Portrait
There is only silence between us now. Shame, modesty lie tangled in the cast-off sheets. For the first time in my life, I am fulfilled. Spent. Though satisfied, I hunger for more. Tears of love fill my eyes.
The memory of our first time washes over me, my blood still pulsating as I awaken from my fevered dream into the nightmare of my reality.
My fingers burn with the urge to sketch him again, to etch his fading silhouette into my mind. But they've taken my second love from me, as well.
Although I can do so only scarcely, I scratch his form upon the wall. When my nails are left torn and bleeding, I paint him in the crimson copper from my veins until orderlies bind my arms around my body, and every breath I take is a suffocation.
His father, my ‘benefactor’, visits me in the asylum. Generations of old money have bought him everything from power and prestige to the life of a lowly painter left to rot between these walls.
Even he seems startled by my gaunt appearance. “How are you, my boy?”
He understands my silence for what it is.

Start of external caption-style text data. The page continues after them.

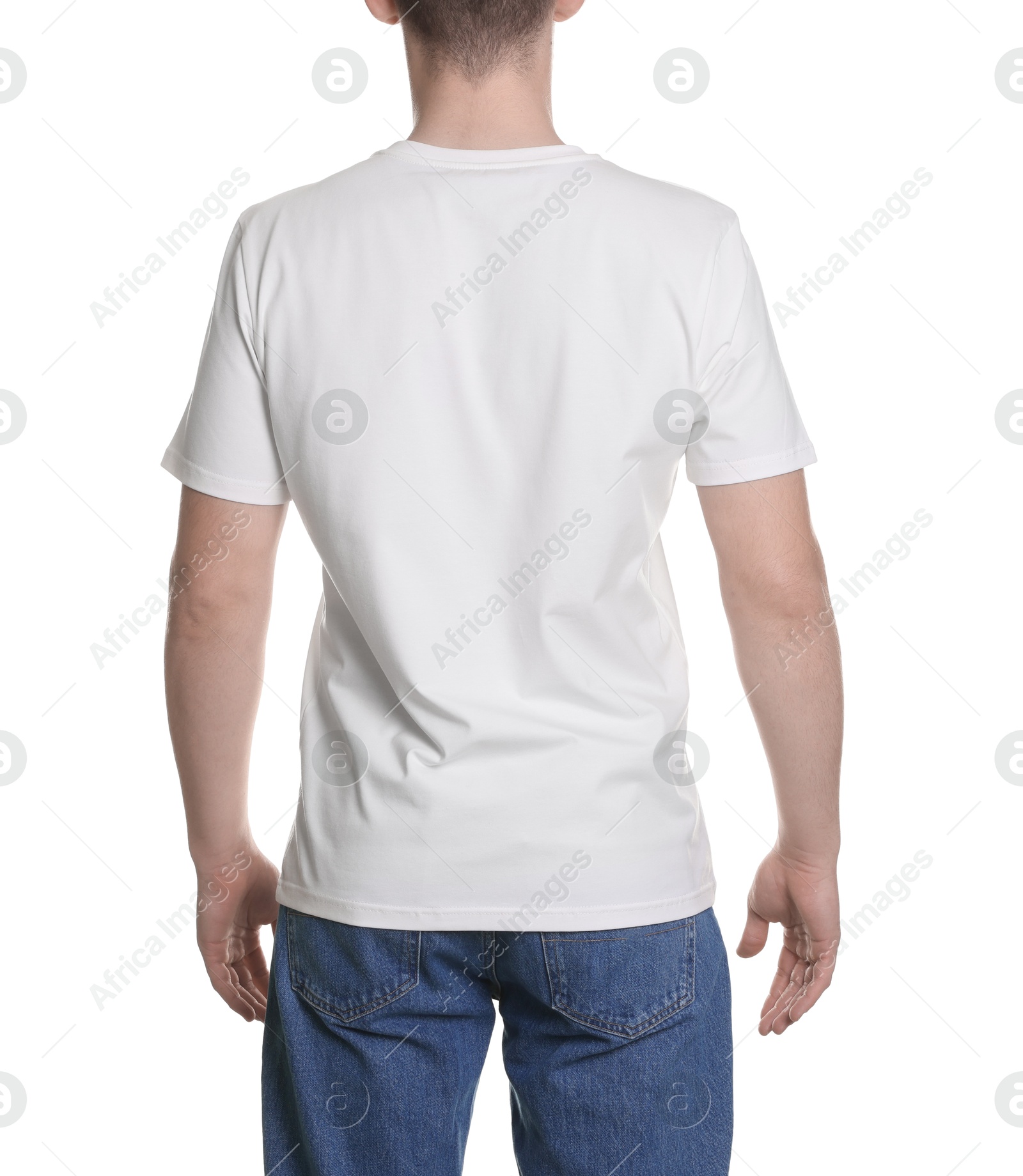 Photo of Man in stylish t-shirt on white background, back view. Mockup for design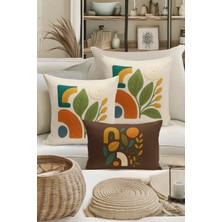 Bertille Home Çift Tarafı Dijital Baskılı  3'lü Kırlent Kılıfı Seti (Panç /punch Nakış Desen Görünümlü)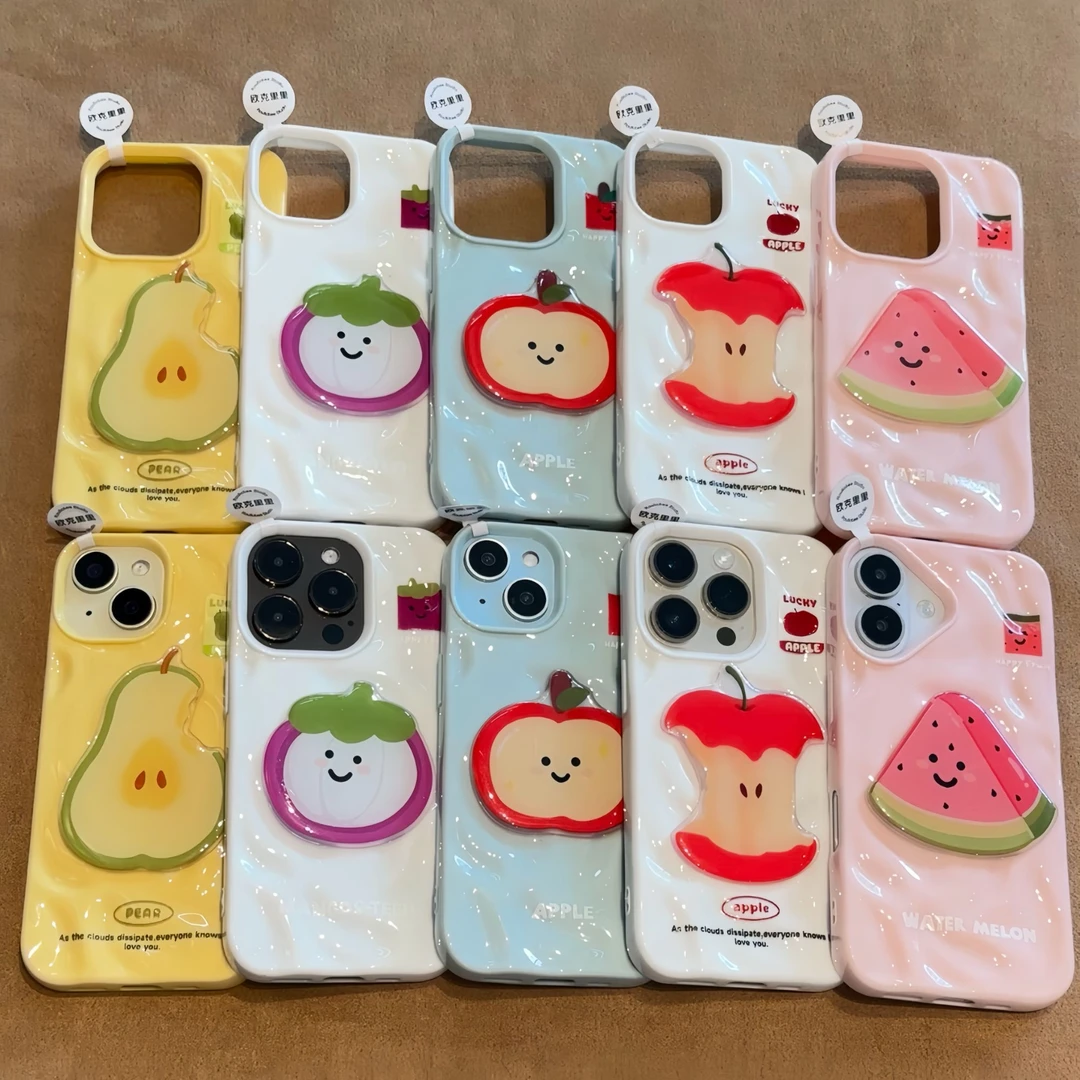 夕与空水果公仔贴片适用苹果16Promax褶皱手机壳15/14陨石纹13/12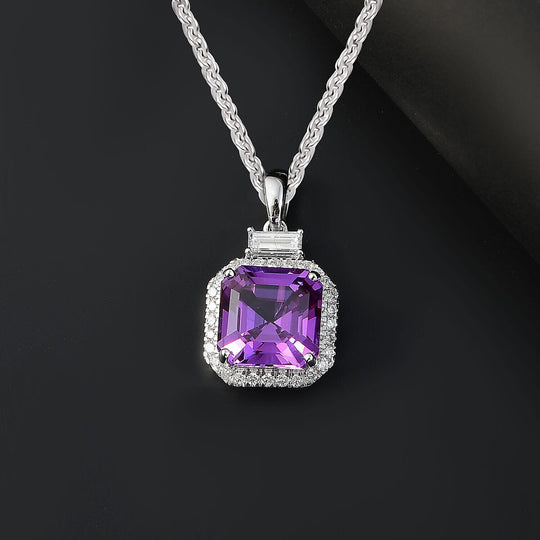 AAA Lab Grown Lila Saphir, Lab Grown Diamant AGI zertifiziert Schmuckset ca. 45 cm 417 Gold, 417 Gold Weißgold Vergoldet ca. 6.03 ct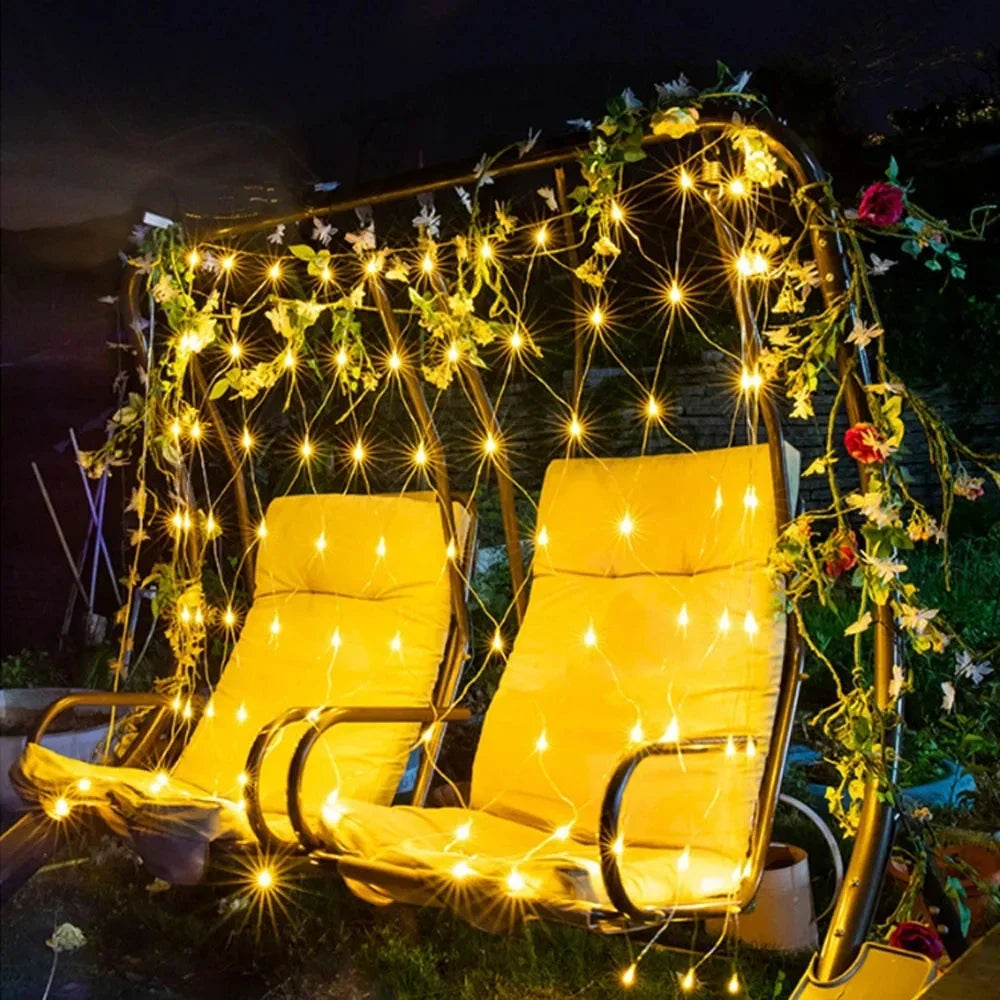 Cortina De LED Luzes Para Decoração De Jardim E Festas Natalina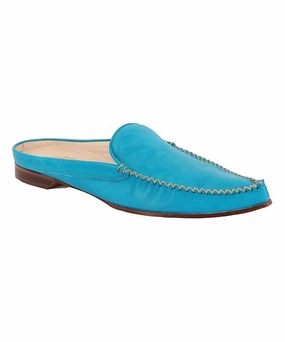 Women's Keaton Leather Sandal In Teal Leather Womens Beach Sandals special deal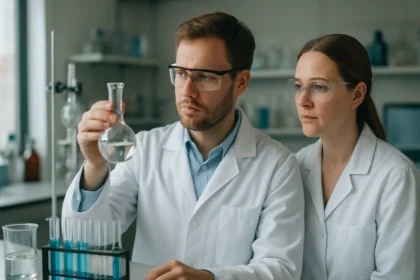 Két kutató laboratóriumban, izoprén polimerizációs kísérletet végeznek.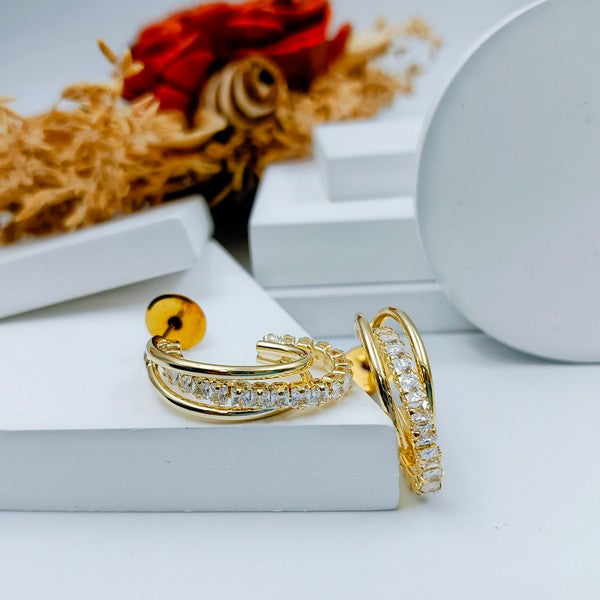 Golden Glow Hoop – CZ Stone Stainless Steel Earrings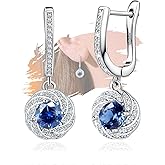 Hoop Dangle Earrings for Women Sterling Silver Hypoallergenic Sparkly Round Cubic Zirconia Halo Hoop Dangling Earrings Classic Spiral CZ Loop Earring with Charms Gifts for Bride Wife Wedding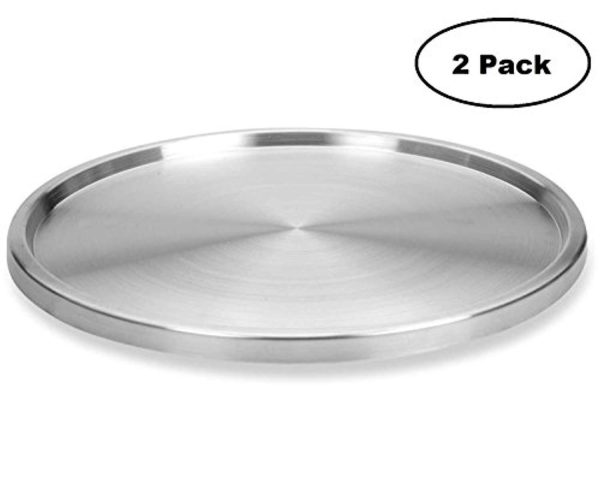 1 Tier Lazy Susan 2 Pack: Stainless Steel 360 Degree Turntable – Rotating 2-Level Tabletop Stand For Your Dining Table, Kitchen Counters And Cabinets – Turning Table Spice Rack Organizer Tray - 2 Pack by Lovotex Supply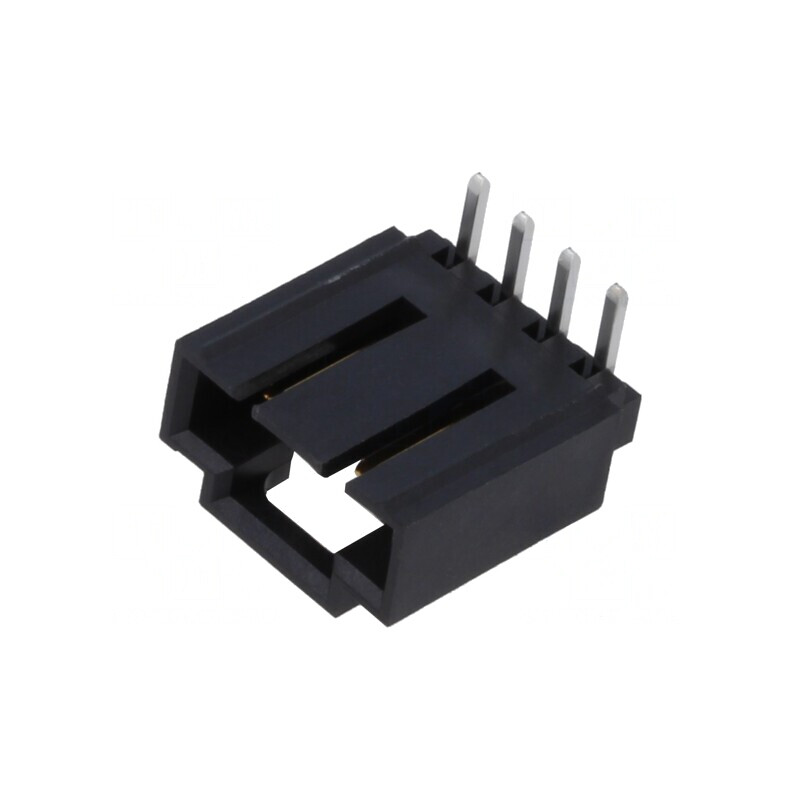 Soclu cablu-placă 2,54mm 4 pini 90° THT | Electronic-mag.ro | Componente Electronice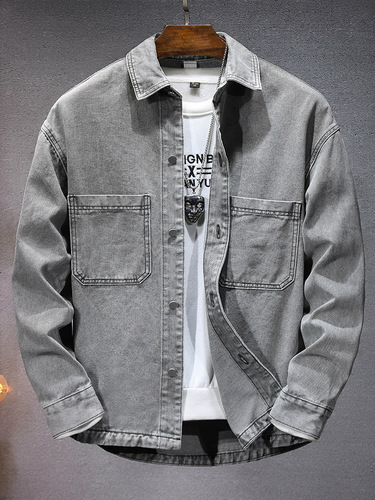 New casual men's coat 2025 spring trend handsome lapel all-matching micro loose men's denim shirt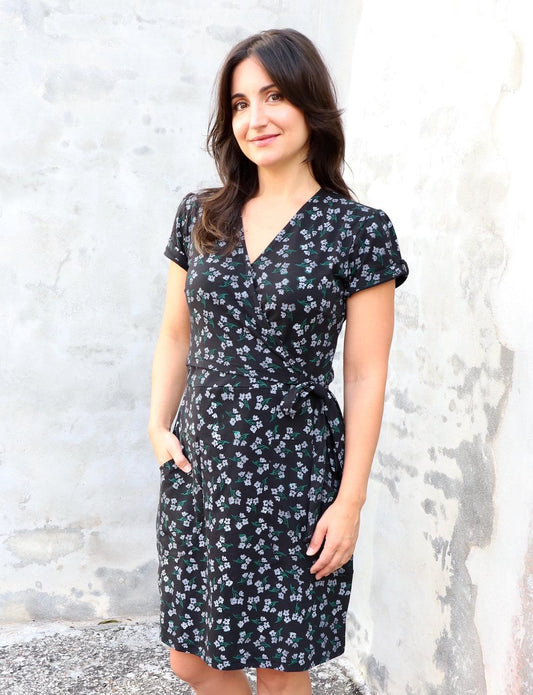 Midnight Blooms Organic Wrap Dress by Passion Lilie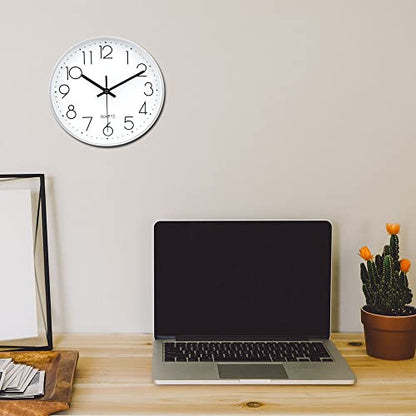 jomparis 10 Inch Silver Wall Clock Battery Operated Silent & Non-Ticking Wall Clock for Home Office Bathroom - color: 1 Pack - Silver, size: 10 Inch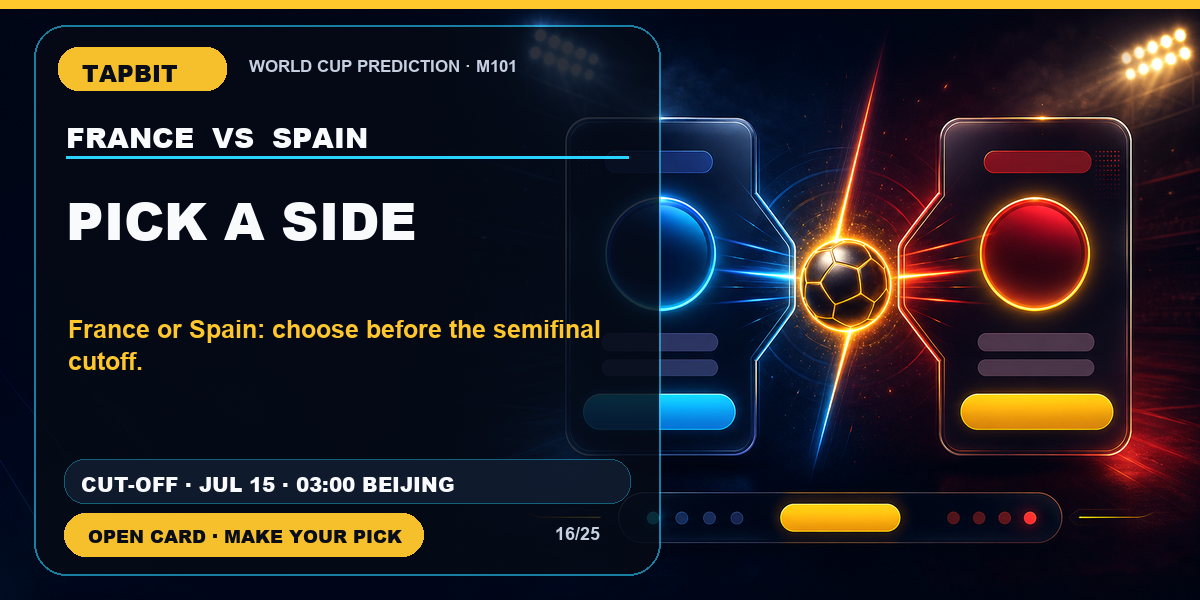 Tapbit World Cup Prediction | PICK A SIDE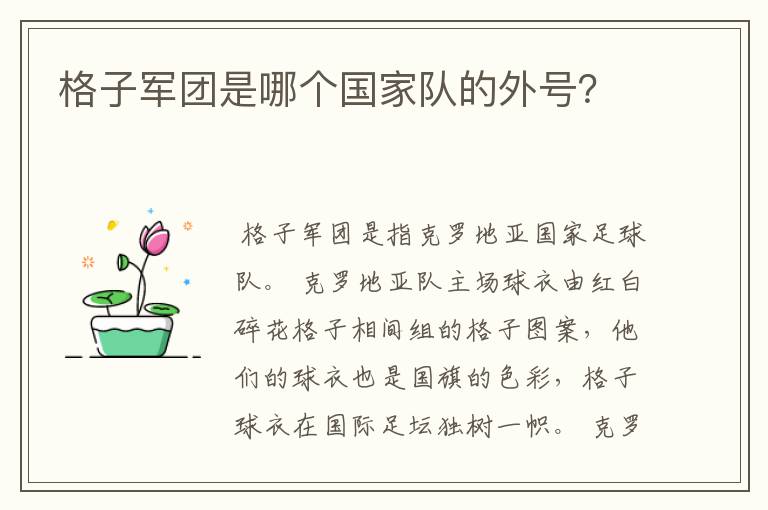 格子军团是哪个国家队的外号?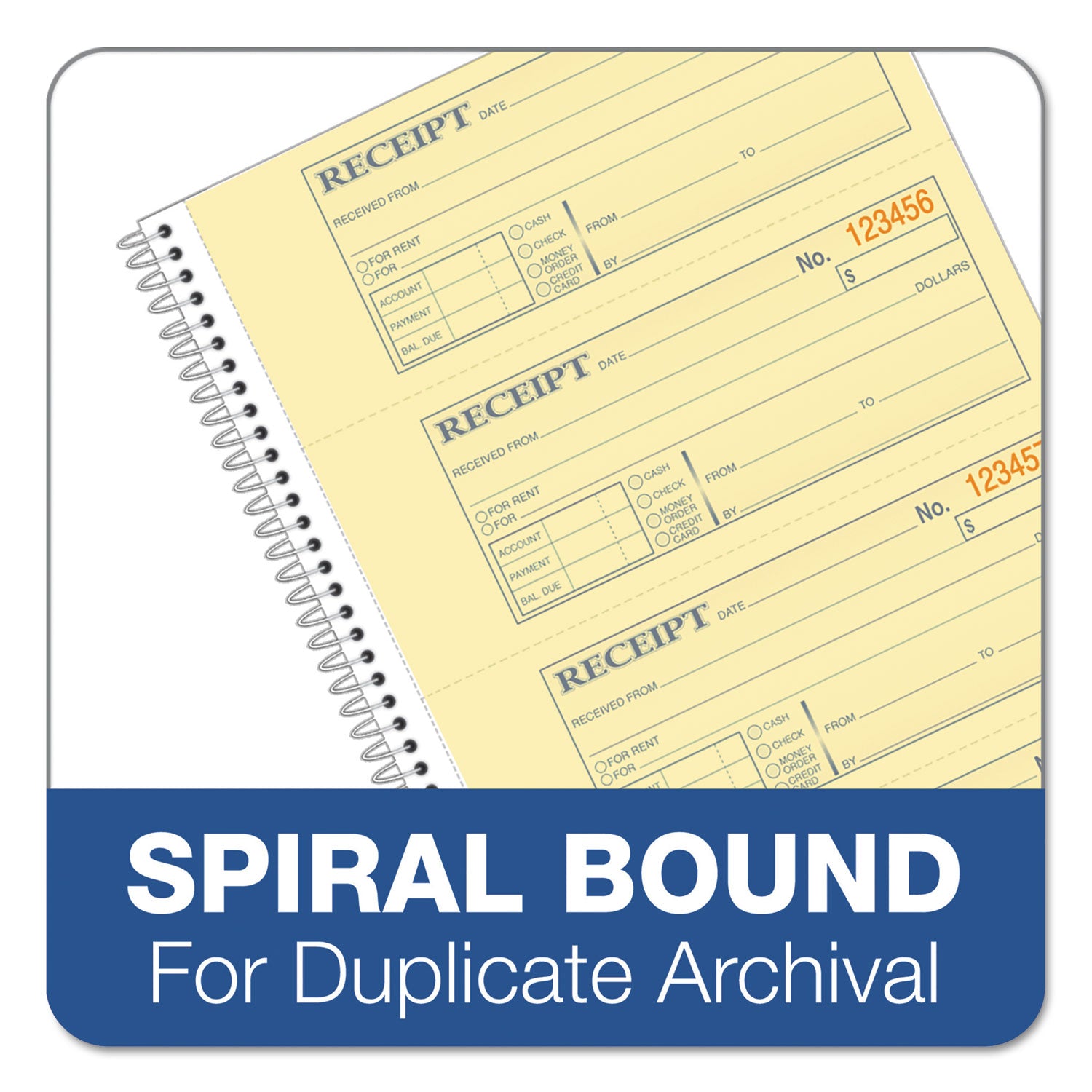 Adams® Multipart Money/Rent Receipt Book, Two-Part Carbonless, 7.13 x 2.75, 4 Forms/Sheet, 200 Forms Total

“I thought you'd like to hear the happy news,” he says, sliding a color photograph across the table. That must have cost a pretty penny. “What have you to say now?”
I barely notice the poor blushing bride; I see only the sadness of the groom, in a prison all his own.
“Only that he was an experienced lover. Money cannot buy you an heir.”
His eyes darken. “I see you are still not over your sickness.”
With a snap of his fingers, they strap me down and hook electrodes to my head.
They want me to forget him, but I won't.